What you need to do: Reproduce every entry exactly and leave its pictures out.
======== Available data ========
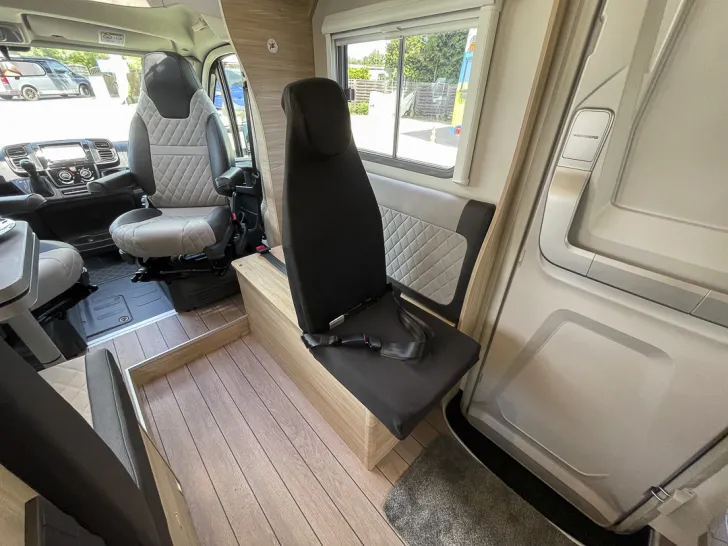 Fahrzeugbild Weinsberg CaraSuite 650 MF *5ter Sitzpl.*Markise* #21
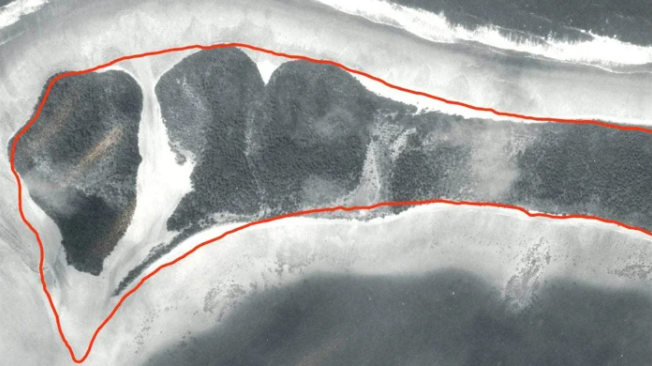 China 'building runway in disputed South China Sea island'-5fd0b12b85f5401a486ea066-png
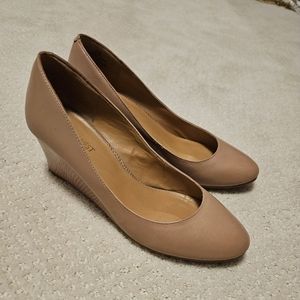 Nine West Nude Wedge Heels 8.5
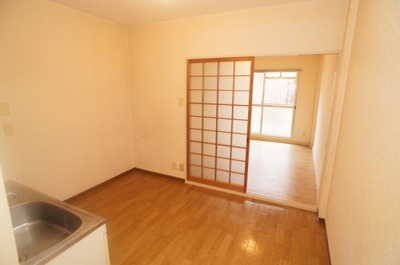 【居間・リビング】 | ハイツソレイユ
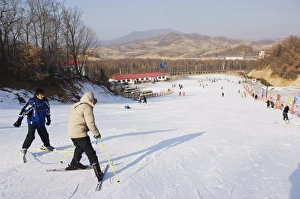 Yabuli ski resort, Heilongjiang Province, Northeast China, China, Asia Yabuli ski resort, Heilongjiang Province, Northeast China, China, Asia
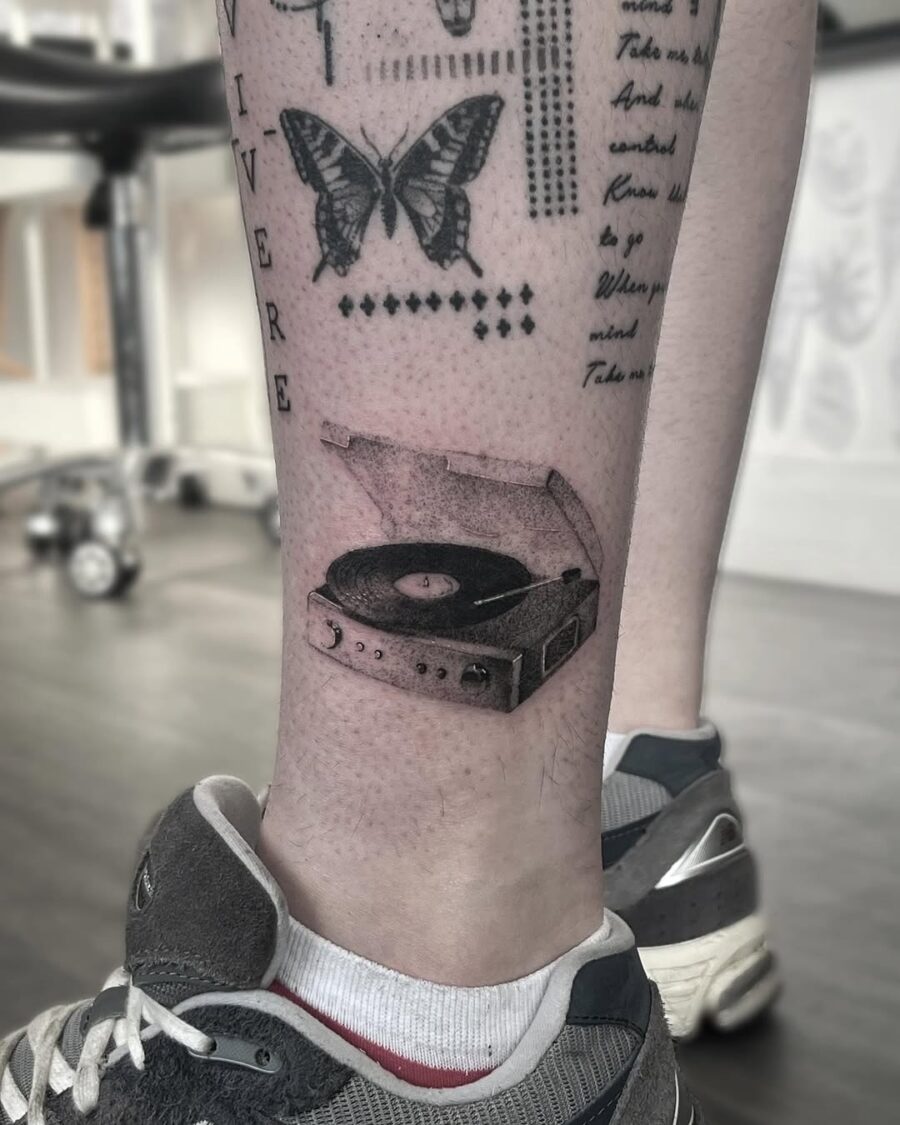 Stylish record player tattoo on leg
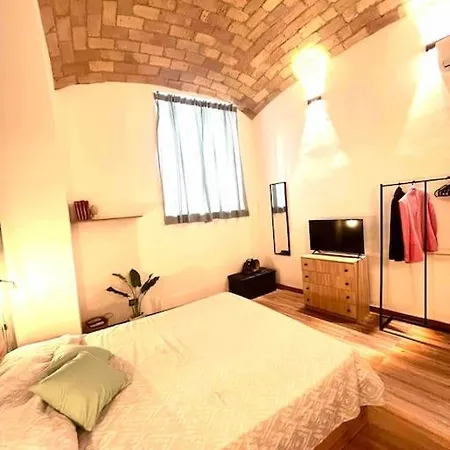 New Look8 Vatican Apartment *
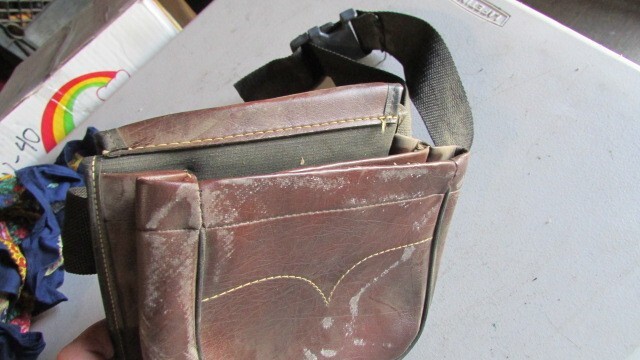 VINTAGE POUCH BAG gallery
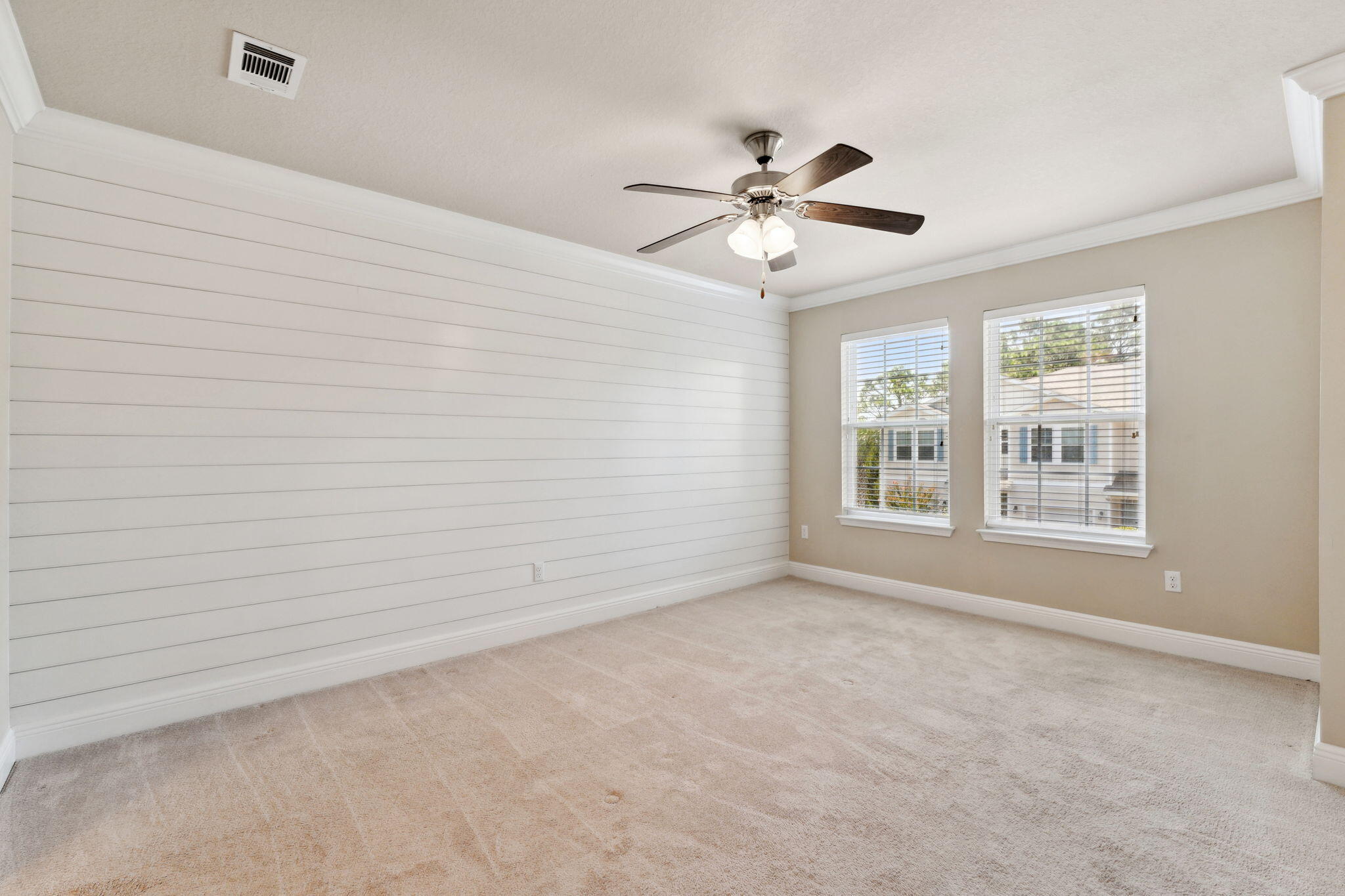 WATER OAKS T/H - Residential Lease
========
Result for this exercise:
 Fahrzeugbild Weinsberg CaraSuite 650 MF *5ter Sitzpl.*Markise* #21
 China 'building runway in disputed South China Sea island'-5fd0b12b85f5401a486ea066-png
 Nine West Nude Wedge Heels 8.5
 【居間・リビング】 | ハイツソレイユ
 Yabuli ski resort, Heilongjiang Province, Northeast China, China, Asia Yabuli ski resort, Heilongjiang Province, Northeast China, China, Asia
 Stylish record player tattoo on leg
 New Look8 Vatican Apartment *
 VINTAGE POUCH BAG gallery
 WATER OAKS T/H - Residential Lease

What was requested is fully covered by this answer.